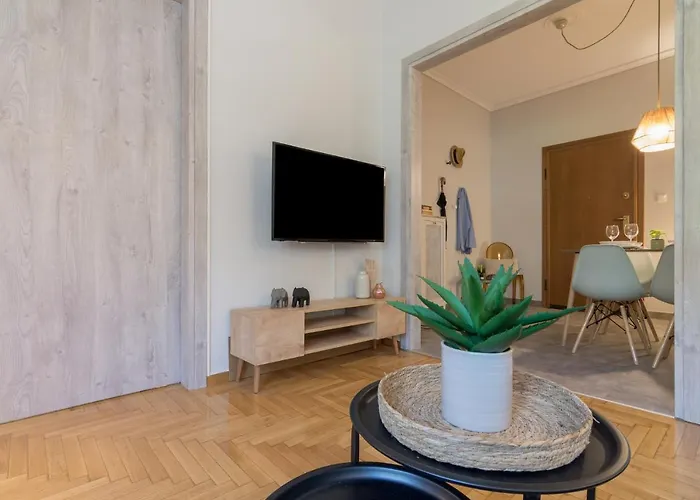Spacious 2 Bedroom Apartment In Koukaki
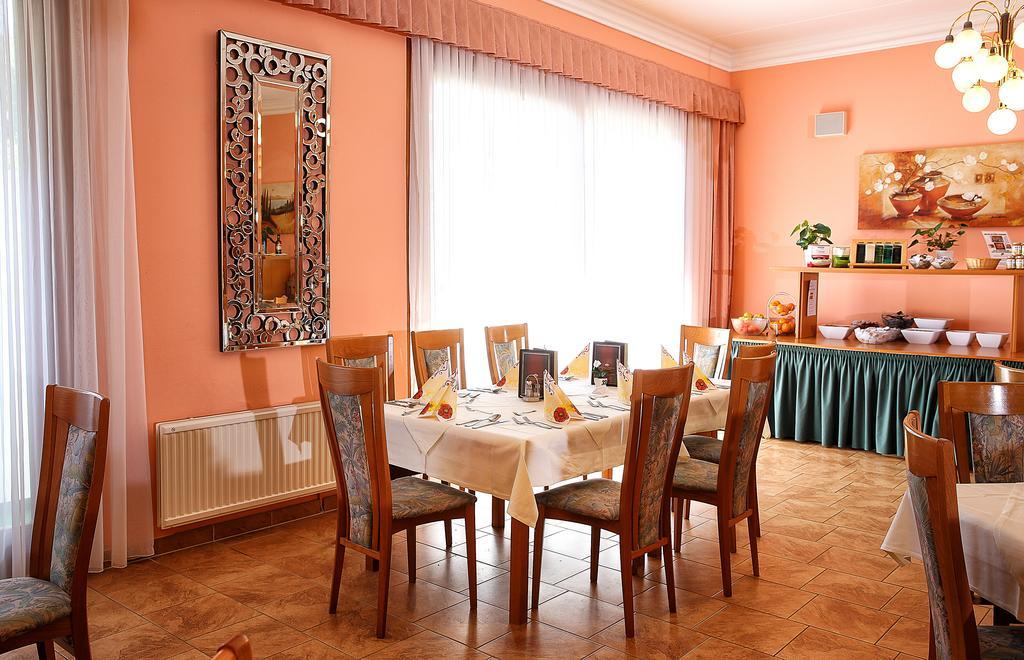 Strandhotel Orchidee Sankt Kanzian am Klopeiner See Exterior photo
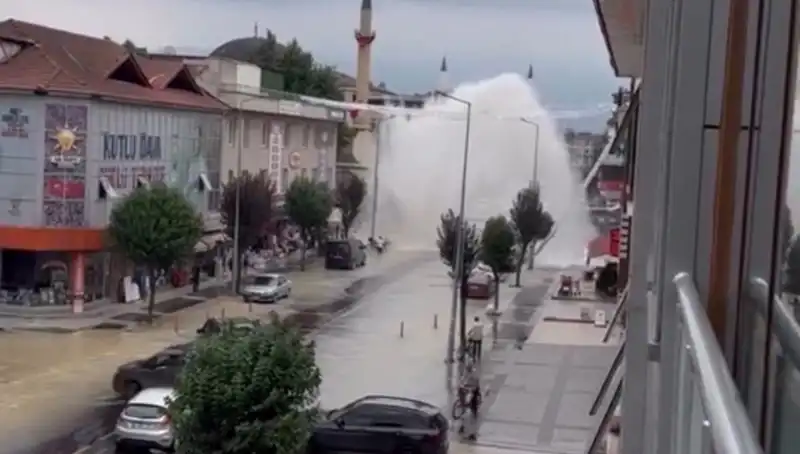 İçme Suyu Hattı Patladı: Şehirde Su Fışkırmaları Panik Yarattı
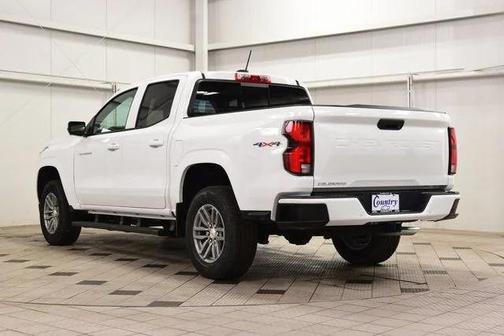Summit White 2026 Chevrolet Colorado LT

◆ EXERCISE
When you copy the data above, reproduce each line exactly and skip every image.

◆ WRITTEN ANSWER
Spacious 2 Bedroom Apartment In Koukaki
 Strandhotel Orchidee Sankt Kanzian am Klopeiner See Exterior photo
 İçme Suyu Hattı Patladı: Şehirde Su Fışkırmaları Panik Yarattı
Summit White 2026 Chevrolet Colorado LT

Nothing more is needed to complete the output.